*** Opening RECORDS TO PROCESS ***
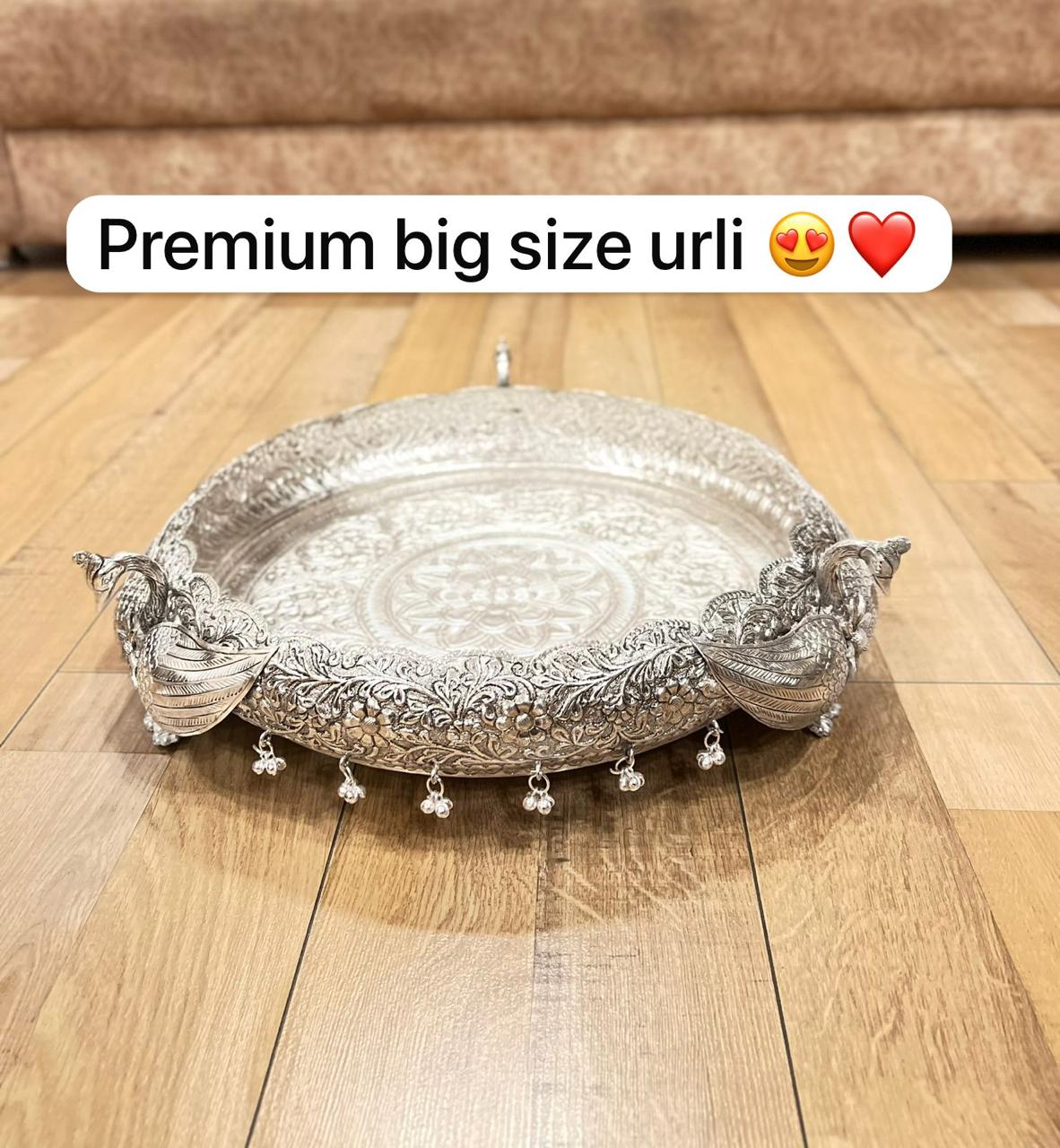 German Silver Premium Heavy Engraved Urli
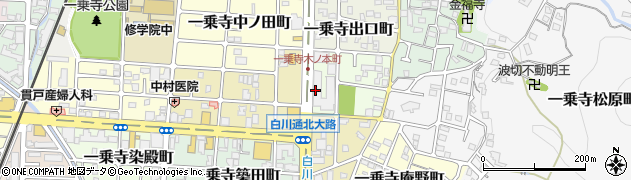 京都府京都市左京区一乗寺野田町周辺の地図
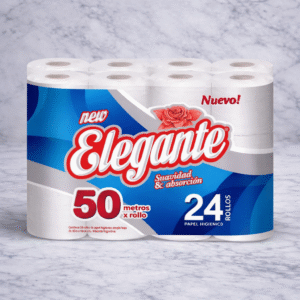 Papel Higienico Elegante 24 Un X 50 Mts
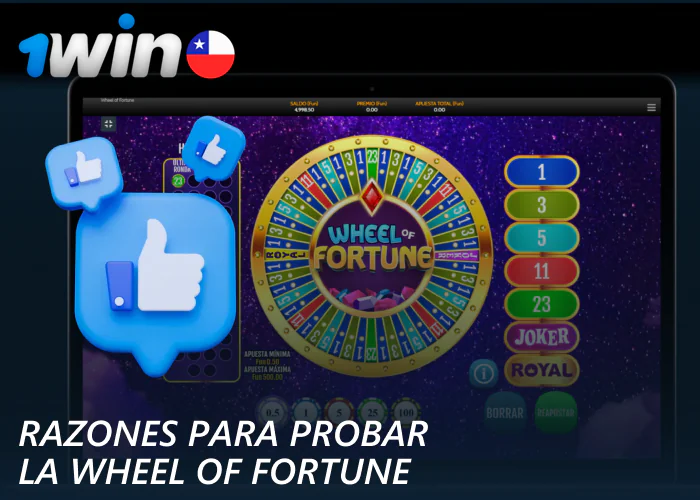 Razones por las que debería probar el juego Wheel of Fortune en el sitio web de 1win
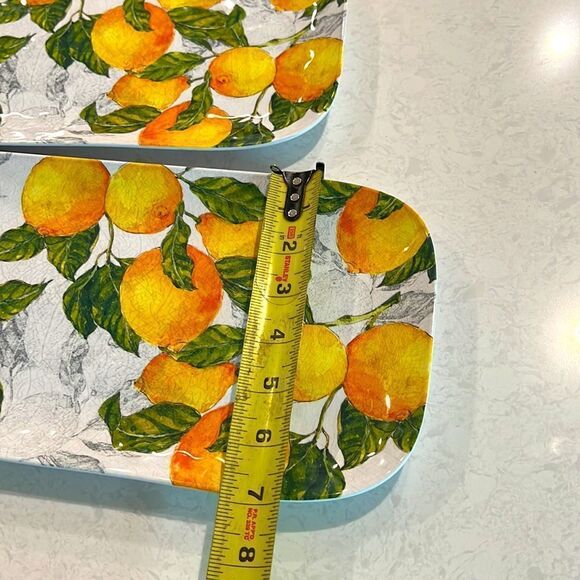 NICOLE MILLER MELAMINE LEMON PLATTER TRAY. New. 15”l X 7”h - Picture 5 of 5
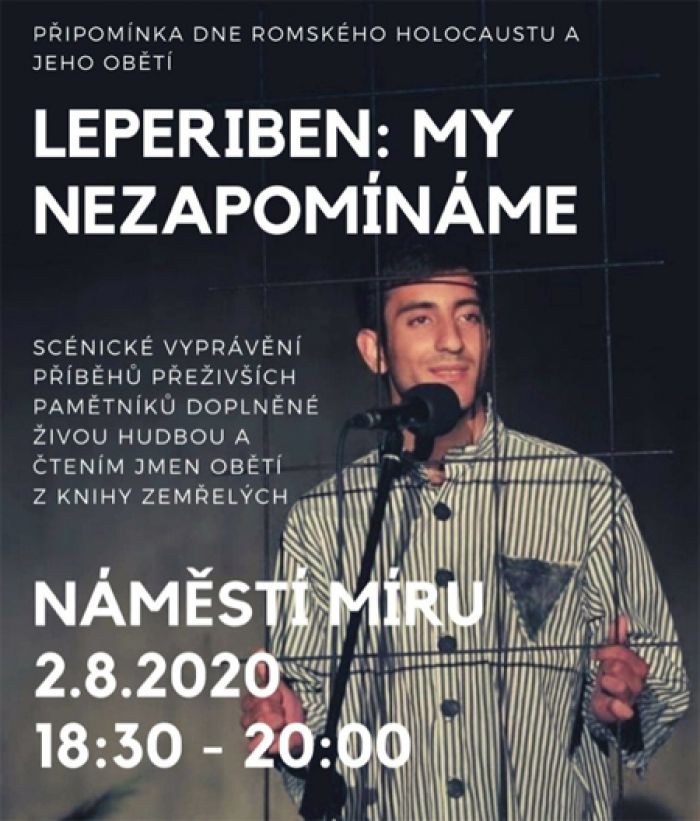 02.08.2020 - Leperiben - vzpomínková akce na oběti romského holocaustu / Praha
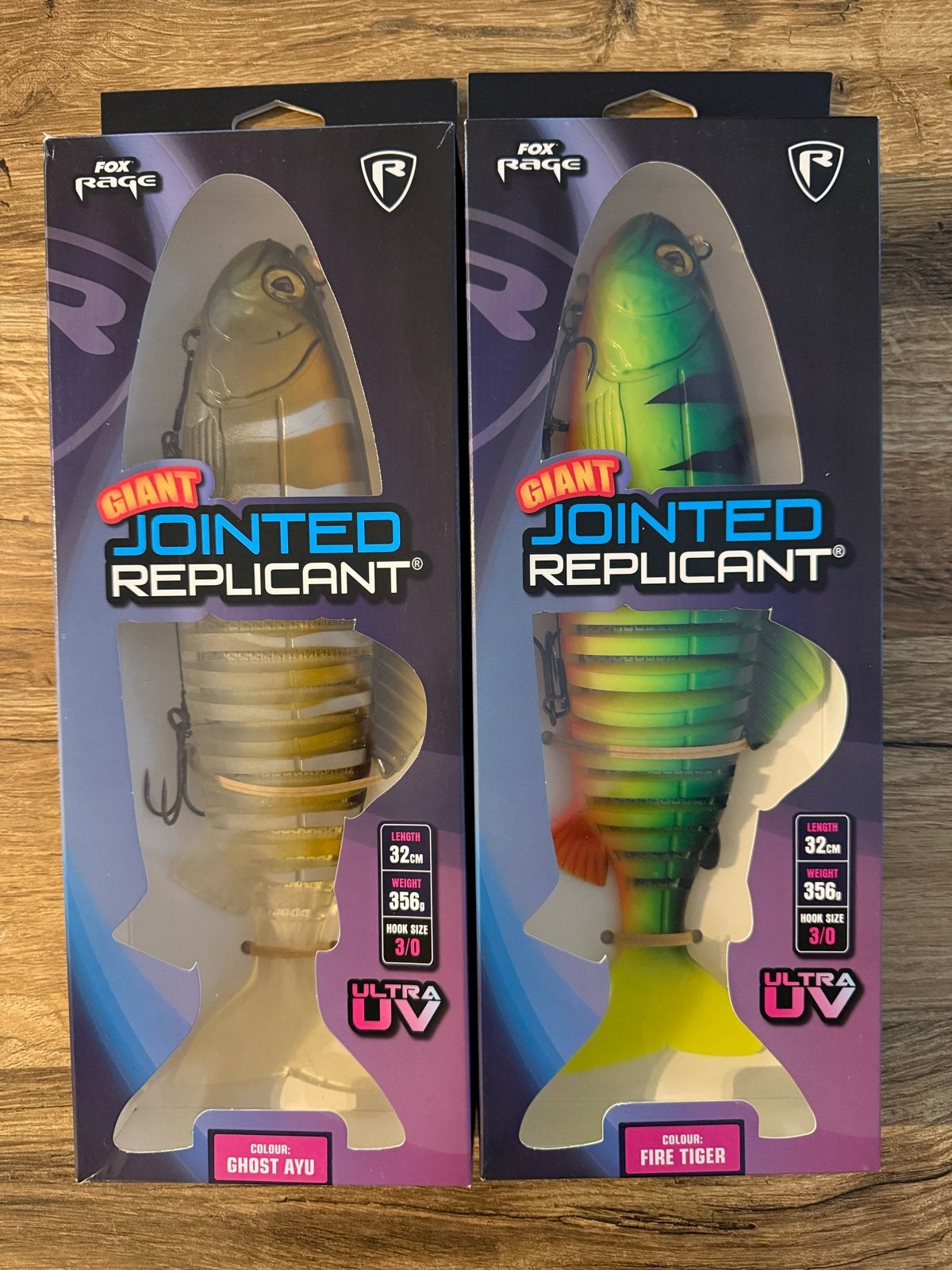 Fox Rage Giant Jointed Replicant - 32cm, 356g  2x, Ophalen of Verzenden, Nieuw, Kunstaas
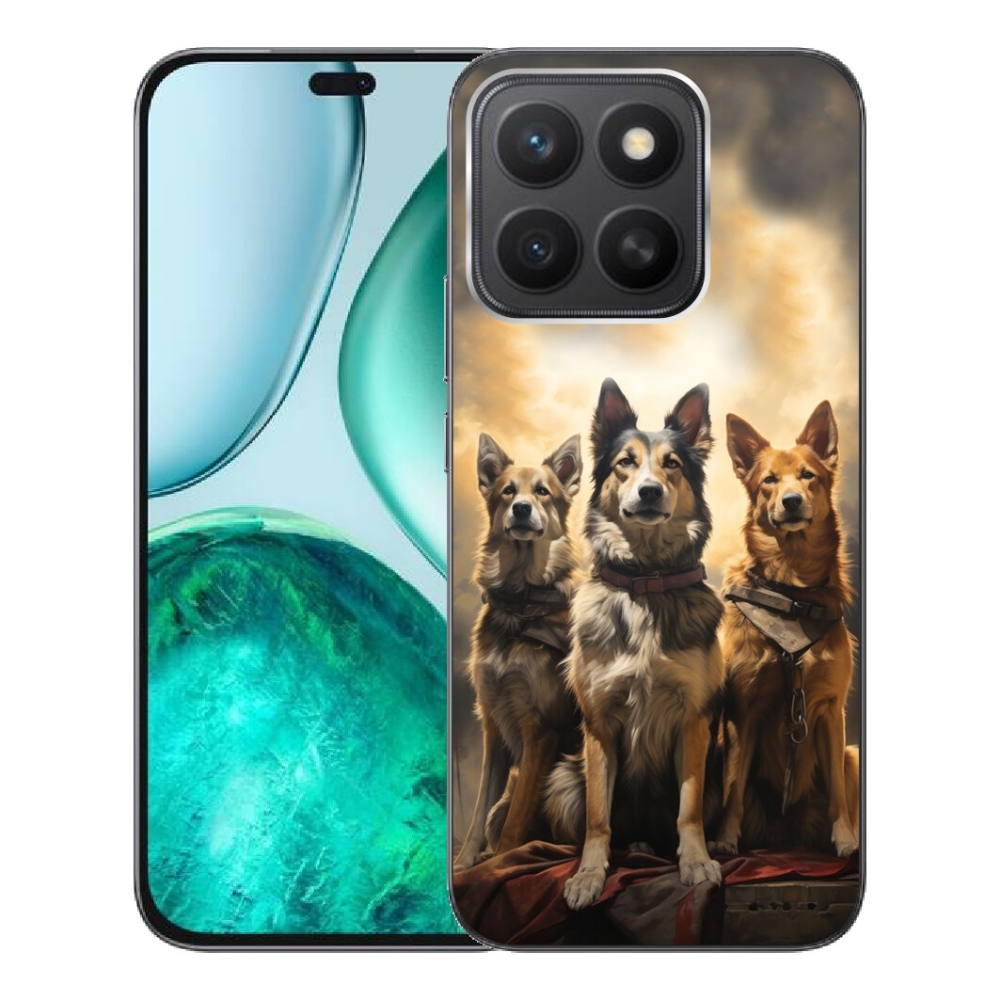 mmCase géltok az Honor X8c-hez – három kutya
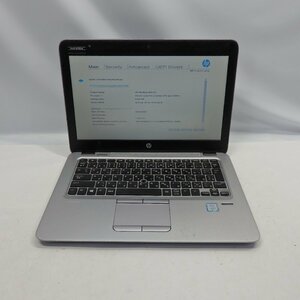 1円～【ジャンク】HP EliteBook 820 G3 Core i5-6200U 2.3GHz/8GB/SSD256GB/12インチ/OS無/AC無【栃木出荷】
*** Closing RECORDS TO PROCESS ***
▶ _DESCRIPTION OF THE TASK_
Without any pictures, restate word for word only the lines from the one with "京都府京都市左京区一乗寺野田町周辺の地図" through the end of the listing.

▶ _WRITTEN SOLUTION_
 京都府京都市左京区一乗寺野田町周辺の地図
 Papel Higienico Elegante 24 Un X 50 Mts
 Razones por las que debería probar el juego Wheel of Fortune en el sitio web de 1win
 NICOLE MILLER MELAMINE LEMON PLATTER TRAY. New. 15”l X 7”h - Picture 5 of 5
 02.08.2020 - Leperiben - vzpomínková akce na oběti romského holocaustu / Praha
 Fox Rage Giant Jointed Replicant - 32cm, 356g  2x, Ophalen of Verzenden, Nieuw, Kunstaas
 mmCase géltok az Honor X8c-hez – három kutya
 1円～【ジャンク】HP EliteBook 820 G3 Core i5-6200U 2.3GHz/8GB/SSD256GB/12インチ/OS無/AC無【栃木出荷】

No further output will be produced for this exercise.